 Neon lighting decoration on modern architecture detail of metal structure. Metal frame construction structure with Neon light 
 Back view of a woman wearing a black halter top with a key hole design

==

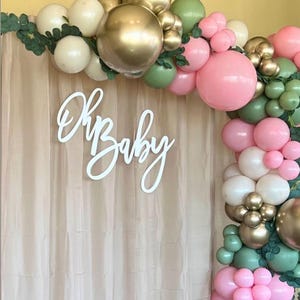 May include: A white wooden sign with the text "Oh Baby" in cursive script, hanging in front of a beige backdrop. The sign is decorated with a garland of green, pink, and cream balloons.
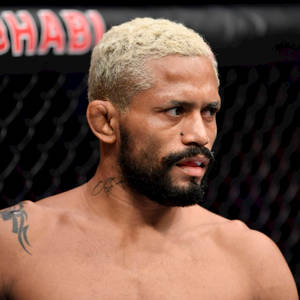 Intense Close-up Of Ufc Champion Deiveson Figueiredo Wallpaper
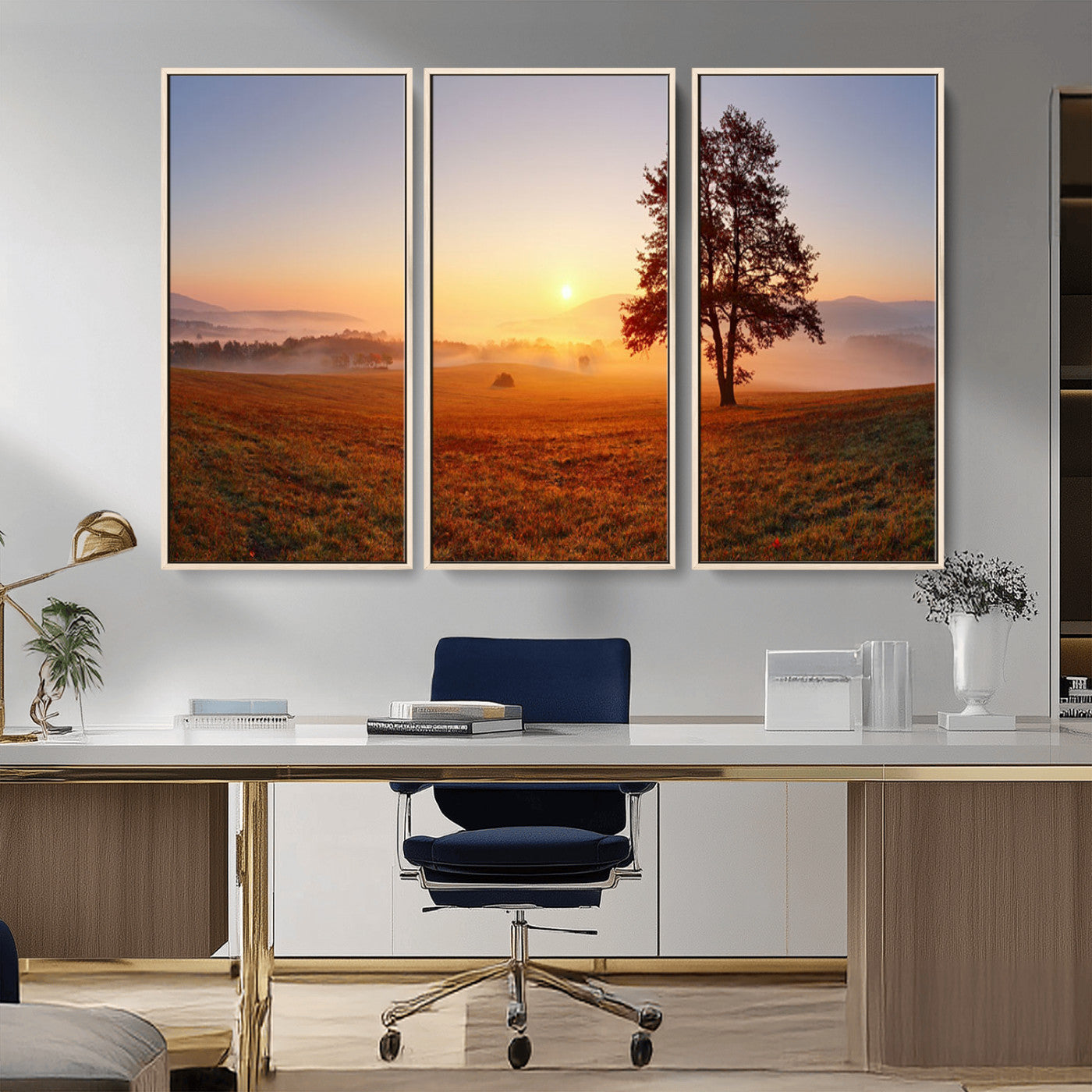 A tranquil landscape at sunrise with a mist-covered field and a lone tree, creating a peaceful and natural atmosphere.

--

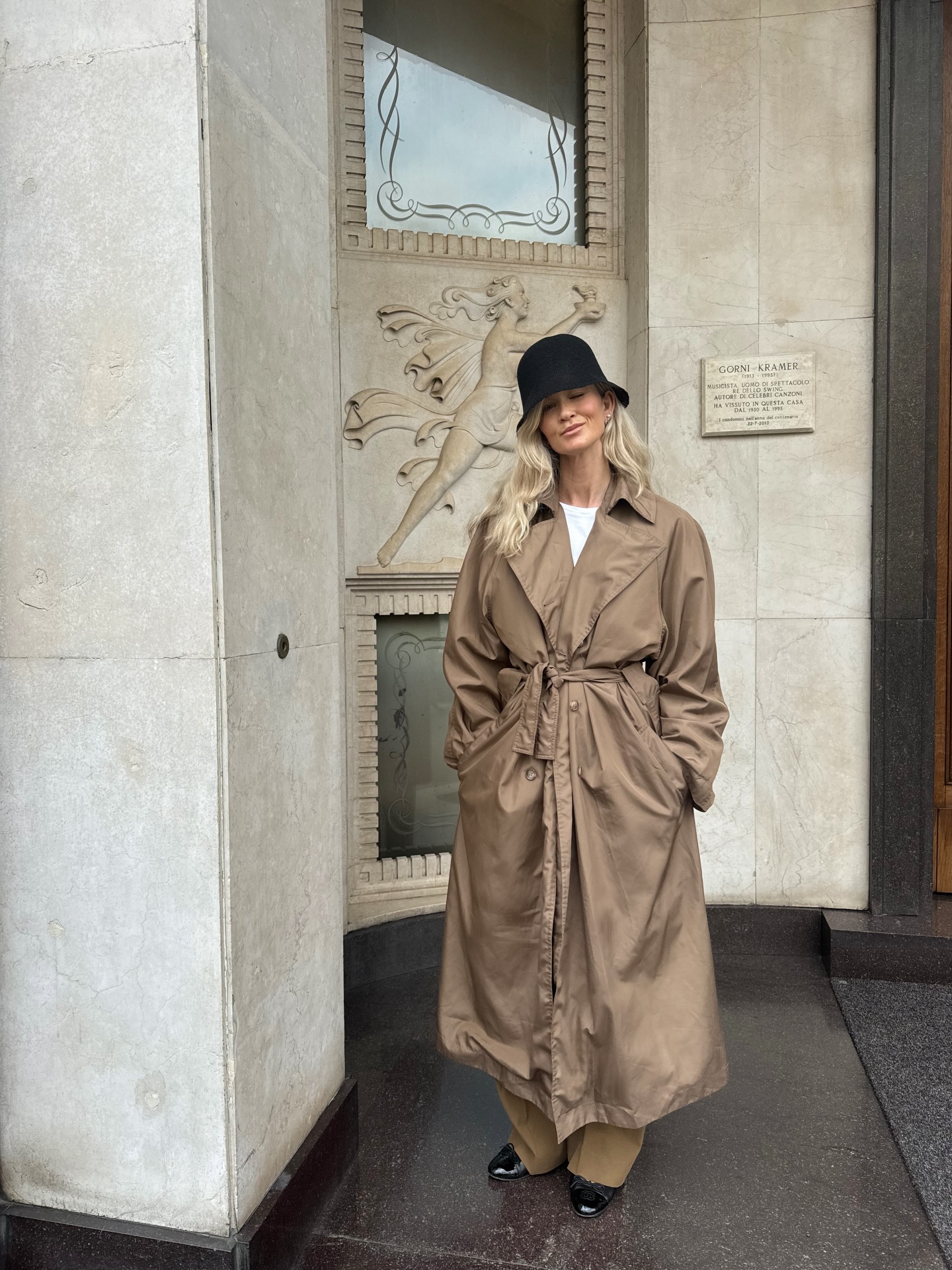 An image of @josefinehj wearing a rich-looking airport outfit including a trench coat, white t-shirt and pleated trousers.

WHAT THIS TASK INVOLVES:
Copy out exactly the lines above beginning with the line that contains "May include: A" and finishing with the line that contains "A tranquil landscape", including both; leave the pictures out.

RESPONSE TO THE TASK:
 May include: A white wooden sign with the text "Oh Baby" in cursive script, hanging in front of a beige backdrop. The sign is decorated with a garland of green, pink, and cream balloons.
 Intense Close-up Of Ufc Champion Deiveson Figueiredo Wallpaper
 A tranquil landscape at sunrise with a mist-covered field and a lone tree, creating a peaceful and natural atmosphere.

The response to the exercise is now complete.